In that case, Dr Donnelly did not become aware that the woman had undergone genital mutilation until she was already in labour. She says health professionals in Ireland need to start educating themselves about the issue, and inquiring about women's status as early as possible in their pregnancies.
This would allow midwives to explain to the women what to expect during labour; inform them that Irish doctors will not stitch them to return them to their pre-delivery condition because professional guidelines preclude it; and discuss with the women and their partners the reasons why they should not have the FGM procedure carried out on their Irish-born children.
Dr Donnelly is involved in a European Commission committee which is considering putting a proposal to the European Parliament for an EU-wide ban on FGM. She says criminalisation of the practice is more problematic. It could lead to the complete breakdown of families if children were to start suing their parents for civil compensation following criminal prosecutions.
"We from the West think this is absolutely awful social control of women and gender-based violation. But there is no intention to harm on the part of the people who carry it out. It is a tradition, and we must, as Westerners, try to understand rather than condemn it," she adds.
Comhlamh, a voluntary organisation of returned development workers, which held three public meetings on the issue last week, wants FGM specifically outlawed in the Republic. Currently, it is thought likely it would be illegal under general provisions of the criminal code, although there is no case law to support this.
Comhlamh's co-ordinator, Colm O Cuanachain, says cultural sensitivities cannot obscure the fact that FGM is gender-based torture.
"This is not to say we should steamroll cultural sensitivities," he says. "Education and awareness-raising is a primary tool before we start talking about punitive sanctions, and the Government should be aware of the need to invest in programmes both in Ireland and abroad."
In countries where FGM has been criminalised, it has been driven underground, with a consequent increase in the risk of infection, trauma and death. However, advocates of its criminalisation counter that it is already underground and that publicising its illegality could help to eradicate it.
Anne Marlborough, a law lecturer at University of Limerick, who chaired one of last week's public meetings, says a specific law "would be a symbolic piece of legislation establishing what the standards are here". Marlborough says she was told by a Nigerian woman at a meeting in Ennis recently that FGM was being practised in Co Clare.

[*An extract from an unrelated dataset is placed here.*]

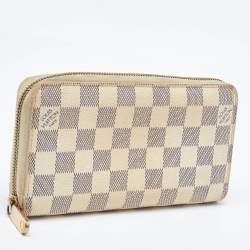Louis Vuitton Damier Azur Canvas Zippy Wallet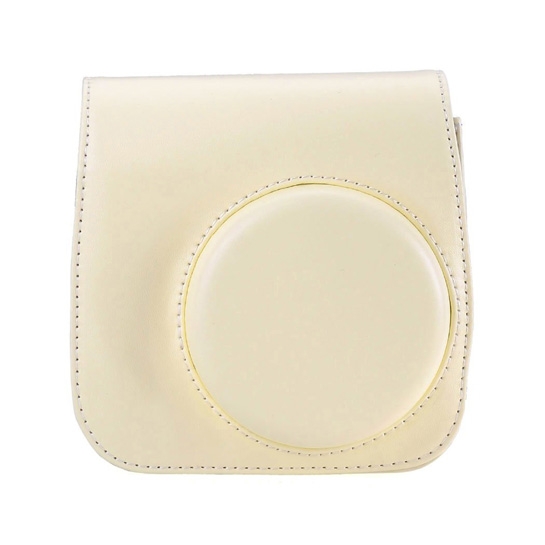 Чохол Retro Leather Case for FUJIFILM Instax Mini 8/9 Cream - ціна, характеристики, відгуки, розстрочка, фото 1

Remi Bisuga, a Nigerian refugee, fled to Ennis after her first daughter died from an infection and extensive blood loss following a "circumcision" in 1991. She and her husband, Muyiwa, feared that their second daughter, Wunmi (9), would also fall victim to the practice. Muyiwa's father belonged to a secret religious society which upheld the tradition of FGM.
Bisuga, who underwent FGM herself shortly after she was born, says the practice is barbaric. "It's very cruel and it has been difficult for me to have babies because of problems in childbirth," she says. "Initially I wasn't in favour of the culture, but I had no choice. When I lost my daughter, it really hit me."